---- DATA

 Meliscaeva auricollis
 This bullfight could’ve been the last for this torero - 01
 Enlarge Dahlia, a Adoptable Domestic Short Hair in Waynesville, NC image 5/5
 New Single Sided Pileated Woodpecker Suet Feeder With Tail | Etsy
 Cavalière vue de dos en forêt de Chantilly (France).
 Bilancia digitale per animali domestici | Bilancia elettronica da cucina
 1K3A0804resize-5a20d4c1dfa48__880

--------
---- DATA

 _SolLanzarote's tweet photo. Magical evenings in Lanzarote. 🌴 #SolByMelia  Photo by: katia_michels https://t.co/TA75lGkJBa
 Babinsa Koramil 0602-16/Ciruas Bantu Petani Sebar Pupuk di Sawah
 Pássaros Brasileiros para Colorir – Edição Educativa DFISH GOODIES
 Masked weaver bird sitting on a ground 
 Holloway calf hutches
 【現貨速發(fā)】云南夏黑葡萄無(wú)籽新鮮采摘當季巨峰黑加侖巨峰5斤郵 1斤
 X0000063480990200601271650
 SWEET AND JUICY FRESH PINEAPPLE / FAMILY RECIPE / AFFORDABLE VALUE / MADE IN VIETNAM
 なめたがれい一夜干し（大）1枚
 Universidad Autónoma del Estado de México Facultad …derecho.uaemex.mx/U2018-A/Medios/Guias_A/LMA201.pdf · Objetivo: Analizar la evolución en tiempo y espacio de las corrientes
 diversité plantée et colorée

--------

Repeat exactly the lines above from the one with "Meliscaeva auricollis" up to and including the one with "1K3A0804resize-5a20d4c1dfa48__880". No other line belongs in the reply.

PROBLEM SOLUTION:
 Meliscaeva auricollis
 This bullfight could’ve been the last for this torero - 01
 Enlarge Dahlia, a Adoptable Domestic Short Hair in Waynesville, NC image 5/5
 New Single Sided Pileated Woodpecker Suet Feeder With Tail | Etsy
 Cavalière vue de dos en forêt de Chantilly (France).
 Bilancia digitale per animali domestici | Bilancia elettronica da cucina
 1K3A0804resize-5a20d4c1dfa48__880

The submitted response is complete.